| Material provided |
Content starts
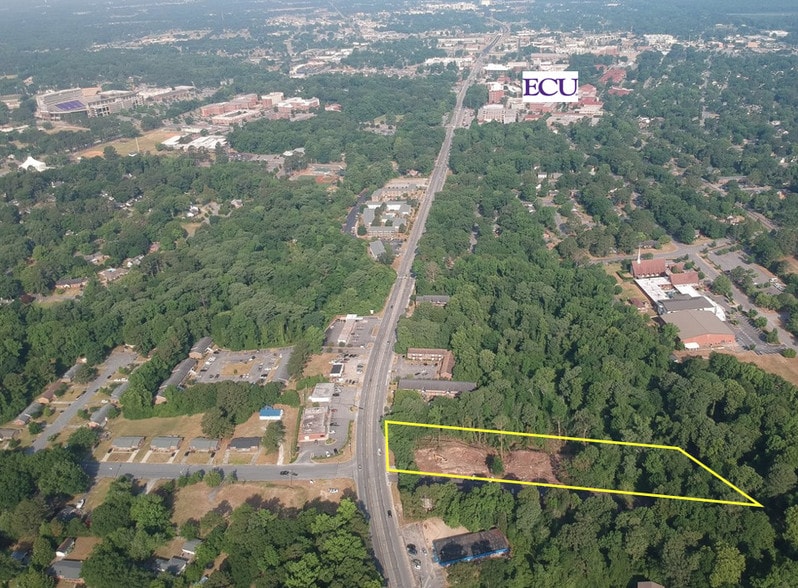 More Photos Of 1339 E 10th St, Greenville Land For Sale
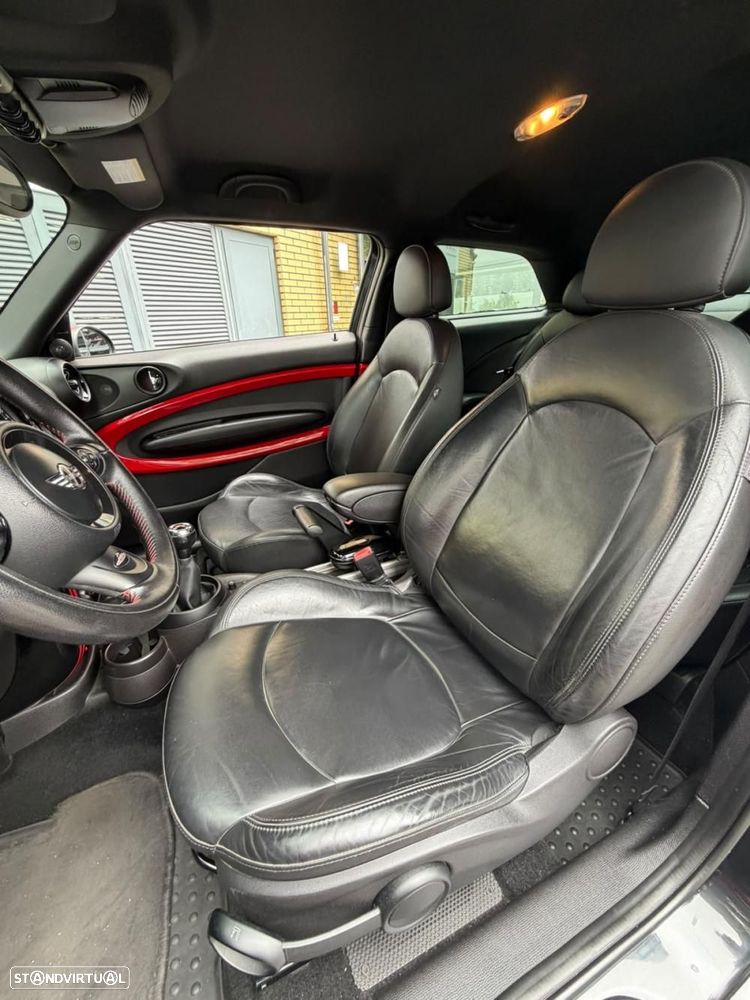 MINI Paceman John Cooper Works ALL4 - 8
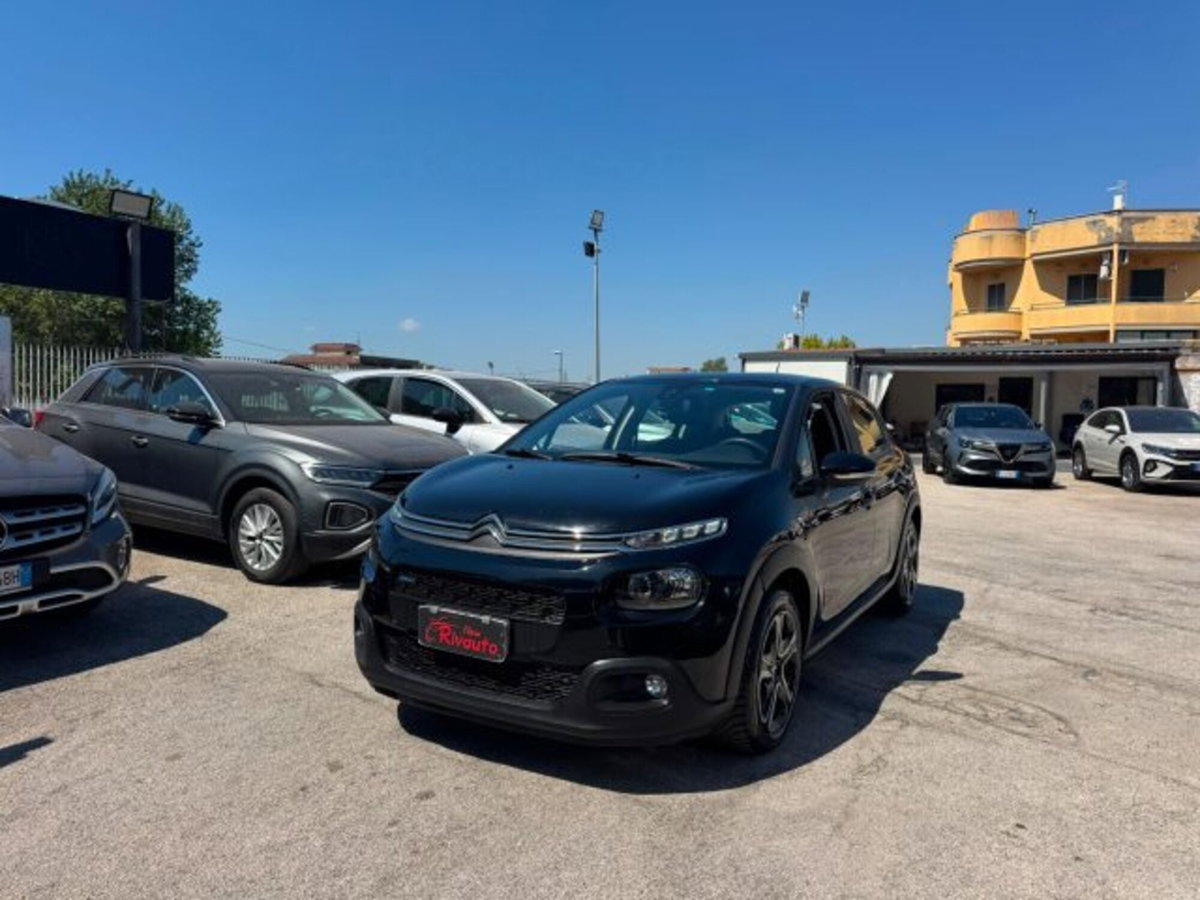 Citroen C3 PureTech 82 GPL Feel (3)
Content ends
| Assignment |
The output should be the material above, copied exactly, without its pictures.

| Written answer |
 More Photos Of 1339 E 10th St, Greenville Land For Sale
 MINI Paceman John Cooper Works ALL4 - 8
 Citroen C3 PureTech 82 GPL Feel (3)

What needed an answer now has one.